* Given information *
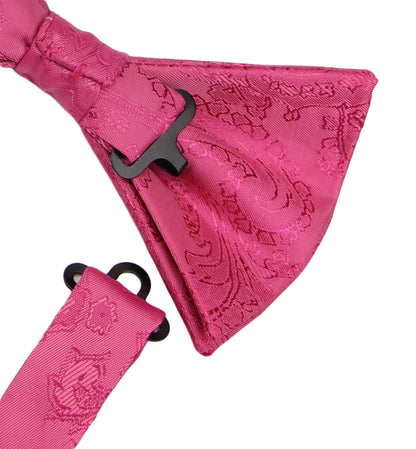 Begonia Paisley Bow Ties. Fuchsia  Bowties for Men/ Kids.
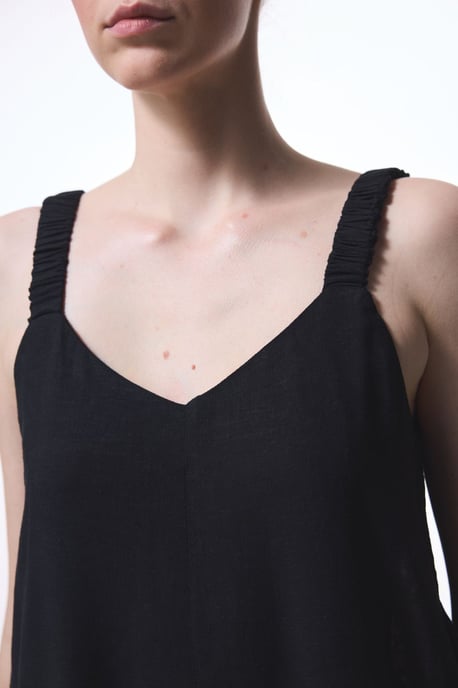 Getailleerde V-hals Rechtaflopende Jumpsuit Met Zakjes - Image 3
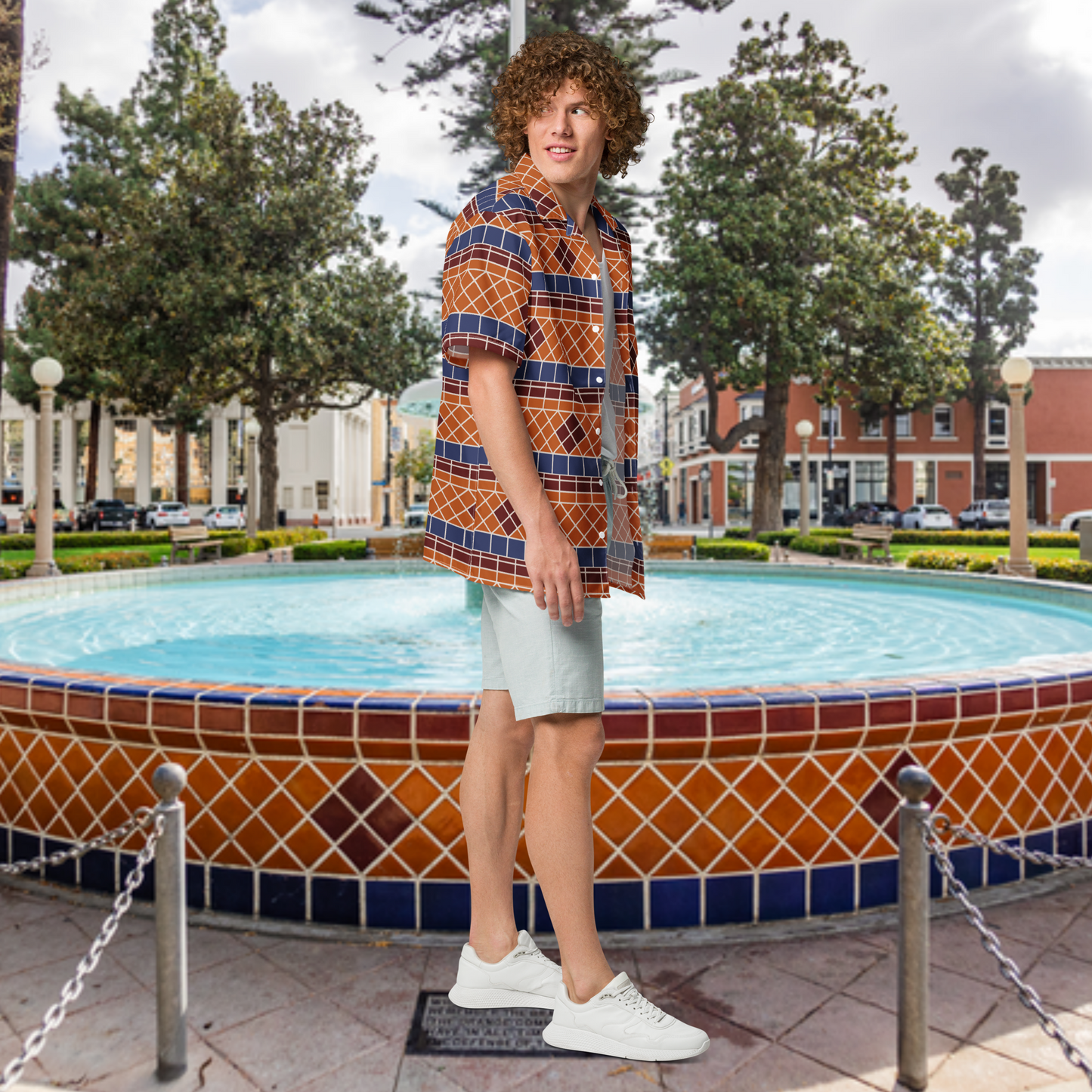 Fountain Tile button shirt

* * *

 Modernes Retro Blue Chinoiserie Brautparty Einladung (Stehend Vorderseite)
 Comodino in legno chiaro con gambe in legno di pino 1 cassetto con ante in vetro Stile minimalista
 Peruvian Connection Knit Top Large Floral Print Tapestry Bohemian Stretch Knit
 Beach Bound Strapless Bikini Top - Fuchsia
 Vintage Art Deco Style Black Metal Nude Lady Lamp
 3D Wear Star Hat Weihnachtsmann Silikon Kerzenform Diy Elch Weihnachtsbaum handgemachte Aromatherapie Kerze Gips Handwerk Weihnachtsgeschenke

* * *

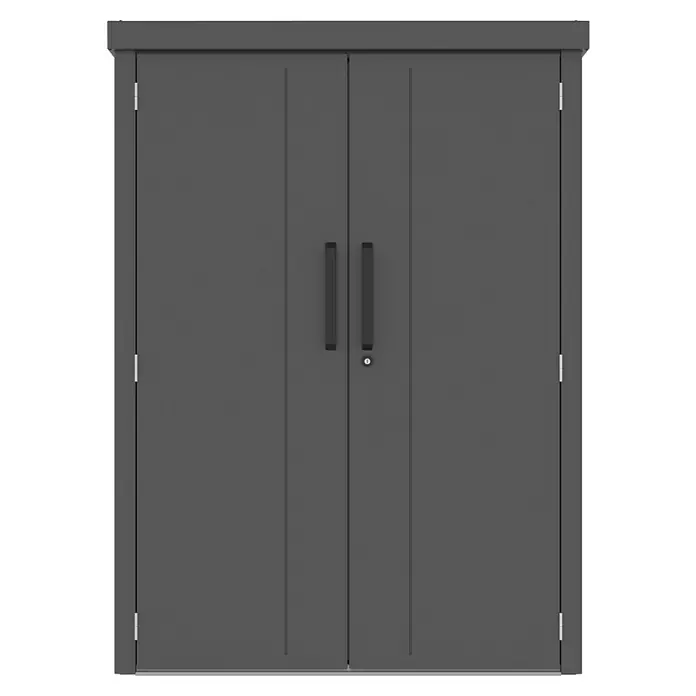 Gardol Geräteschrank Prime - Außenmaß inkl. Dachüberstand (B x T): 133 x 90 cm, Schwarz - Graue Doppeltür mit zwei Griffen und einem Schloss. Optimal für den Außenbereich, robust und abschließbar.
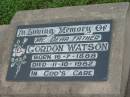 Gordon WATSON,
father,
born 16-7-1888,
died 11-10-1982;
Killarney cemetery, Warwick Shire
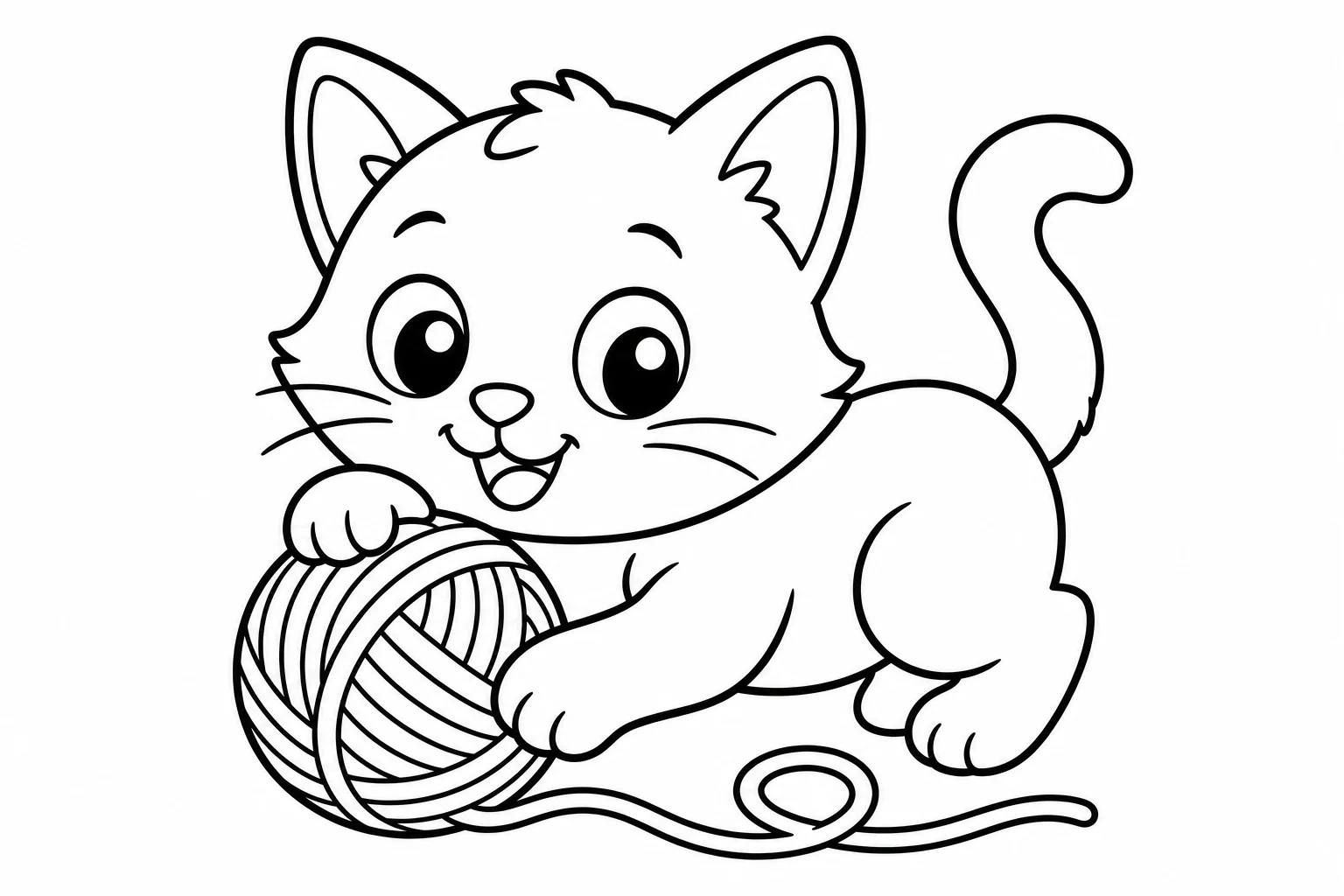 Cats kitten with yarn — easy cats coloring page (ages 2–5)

* Work task *
Out of the material above, output word for word the line with "Peruvian Connection Knit", the line with "3D Wear Star", and all lines between them, with nothing else.

* Exercise response *
 Peruvian Connection Knit Top Large Floral Print Tapestry Bohemian Stretch Knit
 Beach Bound Strapless Bikini Top - Fuchsia
 Vintage Art Deco Style Black Metal Nude Lady Lamp
 3D Wear Star Hat Weihnachtsmann Silikon Kerzenform Diy Elch Weihnachtsbaum handgemachte Aromatherapie Kerze Gips Handwerk Weihnachtsgeschenke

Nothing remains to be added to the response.